El día después de la debacle, en el centro de prensa habilitado en el corazón de Moscú, aún se respira un aire de aflicción. Caras serias. Silencio inusual. Sonrisas ausentes. En general, entrar en la imponente Sala de las Columnas –donde trabajan estos días los periodistas que no tenemos que ir a los estadios a narrar los partidos ni a preguntar, a pie de cancha, al Chucky Lozano qué se siente marcar un gol a Alemania– produce una sensación fúnebre.
Los organizadores se esfuerzan por que no falte nada (computadoras, acceso a Internet, pantalla gigante para ver los partidos, personal amable y dispuesto a ayudar, etcétera), pero nadie puede quitar de la mente que en esa misma sala, en los años de la represión estaliniana, se instaló el tribunal que mandó al paredón a millones de inocentes. En juicios grotescos, los imputados por la paranoia de Iosif Stalin aceptaban confesar que eran espías alemanes o japoneses, lo que implicaba ser condenado al fusilamiento por traición a la patria, para evitar que sus esposas e hijos fueran torturados hasta la muerte.
Récord de asistencia
Los rusos aficionados al futbol sufren de verdad la derrota. Uno especialmente. Nikolai Surin se llama y se le conoce por su apodo, Kolia Ugodnik (en español algo así como Nico El Elegido o, si prefiere usted otro hipocorístico de Nicolás, Colacho o Colate, y para variar un poco, El Bendito), sobrenombre que se ganó a pulso por ser el habitante de este país que estableció el récord de asistencia al mayor número de partidos en este Mundial: 25 y en las 11 ciudades sede.
Fanático de toda la vida del Spartak de Moscú, pero no de la minoría de violentos, y que no se pierde un partido oficial de la selección rusa desde 2002, Surin pudo lograrlo por disponer de un holgado presupuesto en rublos equivalente a poco más de 10 mil euros.

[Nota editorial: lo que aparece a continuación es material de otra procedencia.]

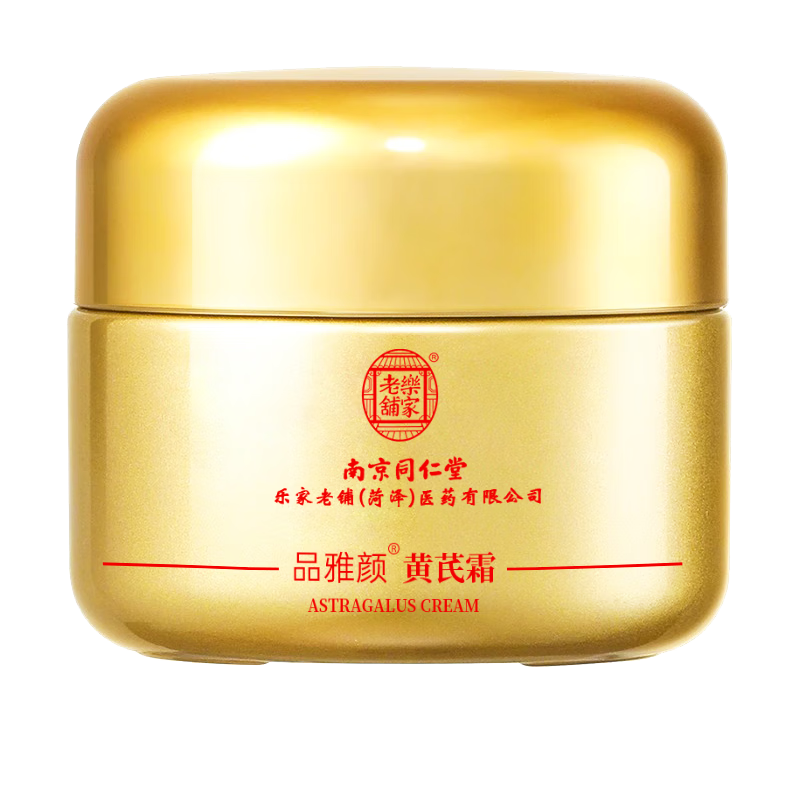 ���ڲ�����ͬ���ã�TRT������˪������¿�˥��ȥ����˪��ˮ�߱�ʪ������ɫ����Ʒ50g 110.4Ԫ��3��(��36.8Ԫ/��)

Con ello pudo adquirir los boletos más baratos para rusos, desplazarse gratis en ferrocarril o volar pagando en avión, posibilidad esta última con el atractivo adicional de hacerlo por la noche y ahorrarse el hotel; también usar a veces su propio coche y comer cualquier cosa en los aeropuertos, estaciones de tren y estadios.

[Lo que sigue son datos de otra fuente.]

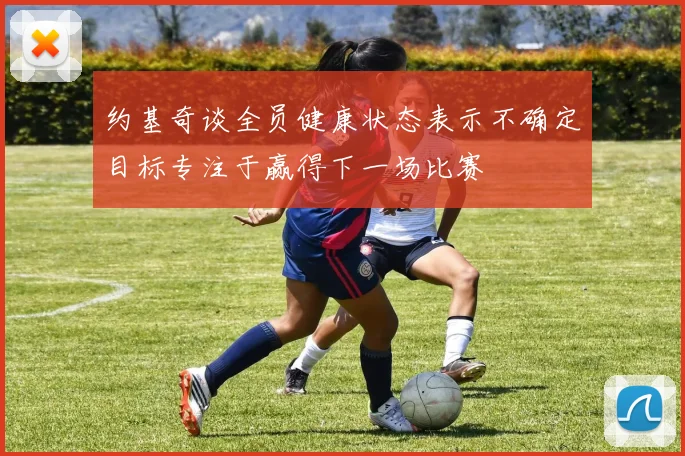 约基奇谈全员健康状态表示不确定目标专注于赢得下一场比赛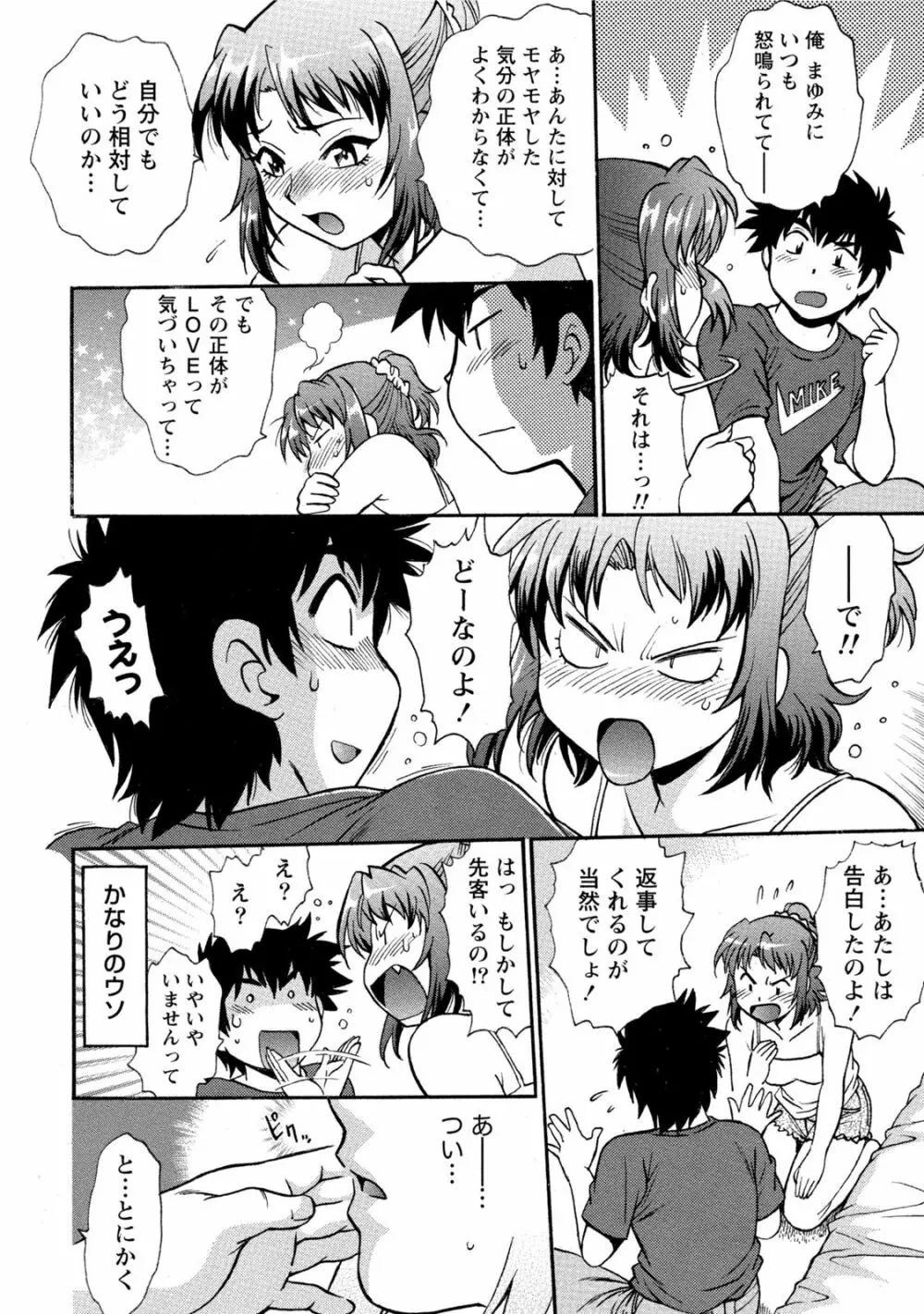 家政婦はママ 1 Page.121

Ahora todavía le quedan entradas para las dos semifinales y para la final. Este último boleto, según cuenta, resultó el más difícil de conseguir. Lo intentó todo, sin suerte. Quiso comprarlo a través de la página oficial de la Federación Internacional de Futbol Asociación, no le tocó el sorteo; lo buscó en la reventa, demasiado caro; propuso llevar la silla de ruedas de un minusválido al estadio, todos prefirieron a un familiar; trató de inscribirse como edecán, demasiado mayor, no usa minifalda y no habla tantos idiomas como se requiere; procuró colarse como periodista, nadie quiso acreditarlo; ofreció a cualquier extranjero cambiar un boleto para la final por 30 shapkas, no vino a Rusia ningún comerciante de gorros de piel; y, por último, creó una página en Internet para compartir con otros excluidos la pena de no poder ir a la final.

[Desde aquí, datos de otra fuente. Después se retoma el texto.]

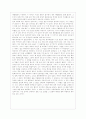 [중국공연예술 B형] 교재 ‘제15장 4)제5세대 감독의 대두와 실험영화의 흐름 (366~377쪽)’에 작품 이름이 언급된 중국영화 가운데 2000년 이후 작품을 제외하고 각자 한 편을 선택하여 감상한 뒤 교재의 내용을 참 8페이지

Y el milagro se produjo. Un suertudo compatriota que adquirió por sorteo cuatro entradas en la página oficial le escribió para cederle una al precio nominal, 3 mil rublos, unos 50 dólares, cuando pudo haberla vendido hasta en 3 mil dólares, el precio de rapiña que establecieron los especuladores por un asiento en el gallinero detrás de una portería en el estadio de Luzhniki.